Duka Pangeran Adipati Anom Amangkunegara atas kematian Andaya itu dimaklumi R.M. Sumantri Sumosaputro penulis Babad Amengeti Lalampahan Pakoe Boewono V yang terbit 1956 sebagai wujud nestapa yang dilandasi besarnya cinta kasih sang pangeran kepada istrinya. Jasad B.R.Ay. Adipati Anom dimakamkan di Laweyan demi mudahnya ia menengok makam istrinya. “Saking taksih kandel sih katresnan dalem dhumateng garwa dalem [karena masih dalam rasa cintanya kepada istrinya].”


Rasa cinta yang begitu dalam itu pula yang membuat Pangeran Adipati Anom Amangkunegara menyematkan gelar Kanjeng Ratu Pakubuwono penanda permaisuri raja kepada mendiang istrinya itu sesaat setelah dirinya dinobatkan sebagai Sampeyan Dalem Ingkang Sinuhun Kangjeng Susuhunan Pakubuwana IV. Dengan gelar gelar Kanjeng Ratu Pakubuwono itu, mendiang istrinya itu tetaplah permaisuri utama kendati telah tiada lagi di dunia.


Hingga akhir hayatnya, Pakubuwono IV hanya tercatat memiliki lima orang istri. Jumlah itu jauh lebih minimalis ketimbang raja-raja lain Kasunanan Surakarta Hadiningrat. Itupun, salah satunya adalah putri lain Adipati Cakraningrat, adik Raden Ajeng Handaya, bernama Raden Ajeng Sakaptina. Status Raden Ajeng Sakaptina juga permaisuri Pakubuwono IV, gelarnya Ratu Kencana Wungu Adimurti atau Kanjeng Ratu Agung,


Meskipun telah berpermaisuri baru melalui pernikahan ngrangulu, Pakubuwono IV tak kehilangan cintanya kepada mendiang Raden Ajeng Handaya atau Kanjeng Ratu Pakubuwono. Buktinya, setahun setelah ia menikahi adik Handaya, Pakubuwono IV mengangkat Sugandi sebagai pangeran adipati anom atau menjadi pewaris urutan pertama raja Kasunanan Surakarta Hadiningrat.
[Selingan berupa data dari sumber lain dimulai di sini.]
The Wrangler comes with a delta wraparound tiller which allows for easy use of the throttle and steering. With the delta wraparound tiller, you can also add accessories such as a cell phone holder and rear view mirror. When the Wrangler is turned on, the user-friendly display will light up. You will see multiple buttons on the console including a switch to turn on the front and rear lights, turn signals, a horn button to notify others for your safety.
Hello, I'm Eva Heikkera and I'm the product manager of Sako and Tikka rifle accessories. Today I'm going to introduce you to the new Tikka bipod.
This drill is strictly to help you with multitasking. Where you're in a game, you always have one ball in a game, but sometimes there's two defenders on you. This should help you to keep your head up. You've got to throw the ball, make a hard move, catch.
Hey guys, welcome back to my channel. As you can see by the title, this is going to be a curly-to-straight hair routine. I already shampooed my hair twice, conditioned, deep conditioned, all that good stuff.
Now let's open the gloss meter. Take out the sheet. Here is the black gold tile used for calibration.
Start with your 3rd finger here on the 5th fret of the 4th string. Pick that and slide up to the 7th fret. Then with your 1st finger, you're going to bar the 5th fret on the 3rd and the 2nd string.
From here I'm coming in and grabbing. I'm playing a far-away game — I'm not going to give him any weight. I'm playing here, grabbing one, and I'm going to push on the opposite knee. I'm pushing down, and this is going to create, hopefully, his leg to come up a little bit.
Bocah buah kasih Pakubuwono IV dan mendiang Ratu Pakubuwono yang masih berusia tujuh tahun delapan bulan itu pun disemati gelar K.G.P.A. Anom Sudibya Rajaputra Narendra Mataram III. Itu juga berarti, pangeran yang belum delapan tahun usianya tersebut kini duduknya lebih dituakan di Kraton Solo ketimbang K.G.P.A. H. Mangkunagoro II, sang penguasa Puri Mangkunegaran.


Demi putra mahkotanya itu, Pakubuwono IV mencurahkan waktu untuk memberinya pendidikan terbaik. Selain menyiapkan guru-guru yang kompeten, ia tak enggan mengajar sendiri  Pangeran Adipati Anom dengan harapan kelak bisa menjadikan raja Kasunanan Surakarta Hadiningrat yang mampu mengemban tugas mengelola kerajaan demi rakyatnya.
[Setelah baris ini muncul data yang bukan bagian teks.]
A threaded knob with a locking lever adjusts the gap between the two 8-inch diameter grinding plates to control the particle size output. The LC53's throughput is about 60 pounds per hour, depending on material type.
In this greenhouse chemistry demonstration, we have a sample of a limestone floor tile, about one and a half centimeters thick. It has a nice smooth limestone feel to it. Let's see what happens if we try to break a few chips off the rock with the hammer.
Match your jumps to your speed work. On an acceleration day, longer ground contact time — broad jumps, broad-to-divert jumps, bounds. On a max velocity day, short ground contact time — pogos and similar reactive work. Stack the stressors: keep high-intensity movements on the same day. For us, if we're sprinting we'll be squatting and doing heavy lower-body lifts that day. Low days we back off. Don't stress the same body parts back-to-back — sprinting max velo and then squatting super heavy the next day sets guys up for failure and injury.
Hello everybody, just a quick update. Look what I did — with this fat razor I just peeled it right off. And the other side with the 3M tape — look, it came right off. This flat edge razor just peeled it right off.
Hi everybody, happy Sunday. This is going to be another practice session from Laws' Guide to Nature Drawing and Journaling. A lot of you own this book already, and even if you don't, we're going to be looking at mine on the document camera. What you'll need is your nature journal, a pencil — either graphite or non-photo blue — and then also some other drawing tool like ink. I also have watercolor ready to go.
Pakubuwono IV memang dicatat sebagai raja Kasunanan Surakarta yang berwawasan luas dan dalam pula ilmu agamanya. Dari luas wawasannya, lahir banyak karya sastra, termasuk Serat Wulang Reh dan Serat Wulang Dalem yang merupakan nasihatnya kepada generasi penerus. Karya-karya sastra itulah yang ia wariskan kepada para generasi muda hingga kini, setelah ratusan tahun Pakubuwono IV tiada.


 


Sumber:


Pakempalan Ngarang Serat ing Mangkunagaran. 1918. Babad Panambangan, Commisie voor de Volkslectuur. Serie No. 392. Weltepredhen: Indonesise Drikkere.


Pakubuwono IV. 1931. Serat Wulang Reh. Kediri: Tan Gun Swi.

Pakubuwono IV. 1900. Serat Wulang Dalem dalam Bendhel Serat Warni-warni Angabei IV.

Sastrawikrama, Mas Ngabei. 1926. Serat Wicara Keras. Kediri: Tan Gun Swi.